#### Information provided ####

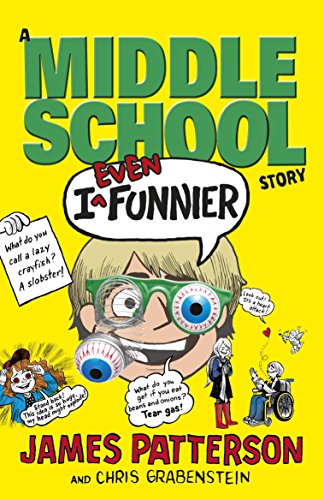 Book cover: “I Even Funnier” featuring a cartoon boy with large glasses.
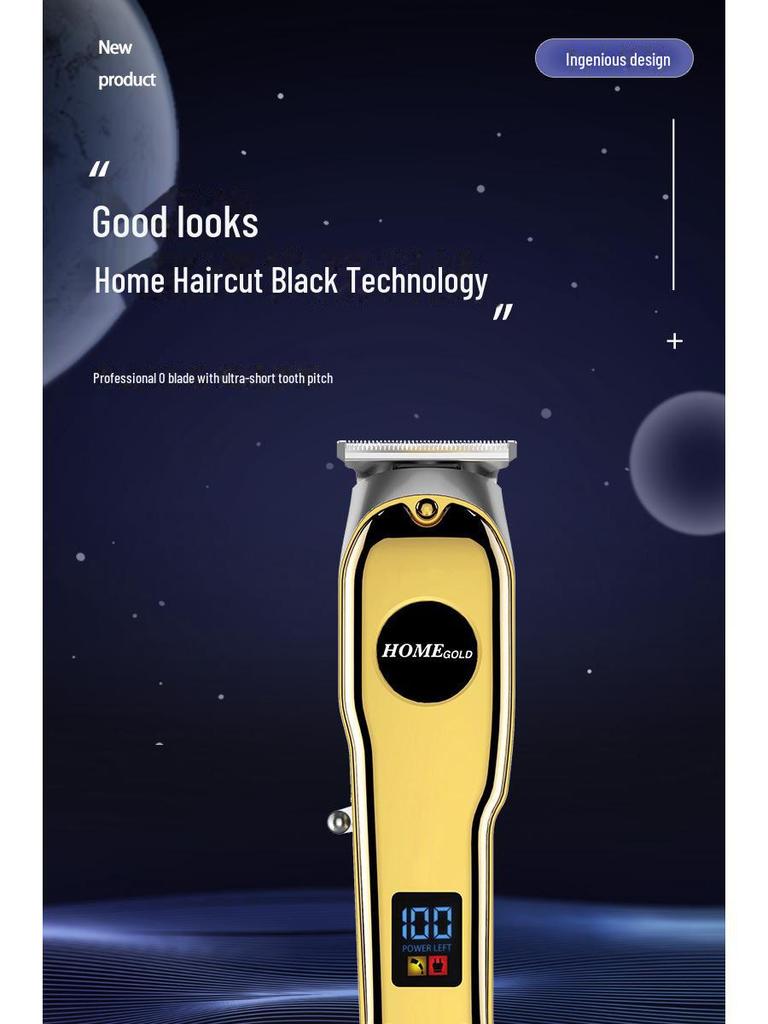 Silent USB Rechargeable Hair Clipper - Special Oil, Electric, Home Use, Professional Edge Cutter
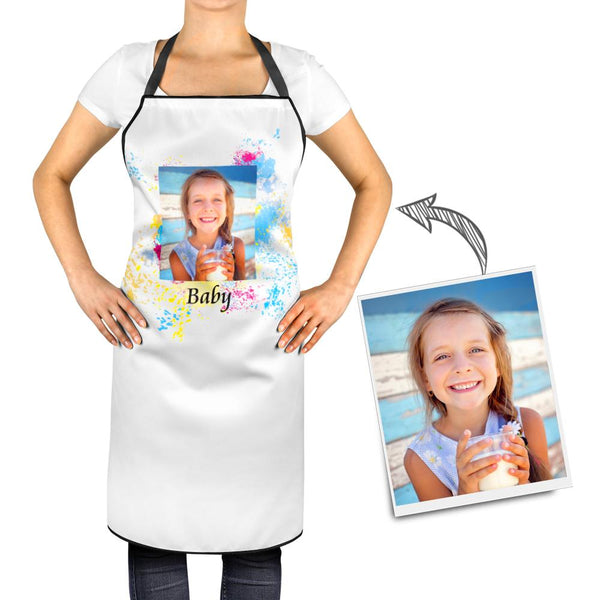 Benutzerdefinierte Küche Kochschürze mit Ihrem Foto und Namen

####

### Problem
Lines from the one that contains "Silent USB Rechargeable" to the final line of the material are the whole answer. Reproduce them word for word and skip the pictures.

### Result below
 Silent USB Rechargeable Hair Clipper - Special Oil, Electric, Home Use, Professional Edge Cutter
 Benutzerdefinierte Küche Kochschürze mit Ihrem Foto und Namen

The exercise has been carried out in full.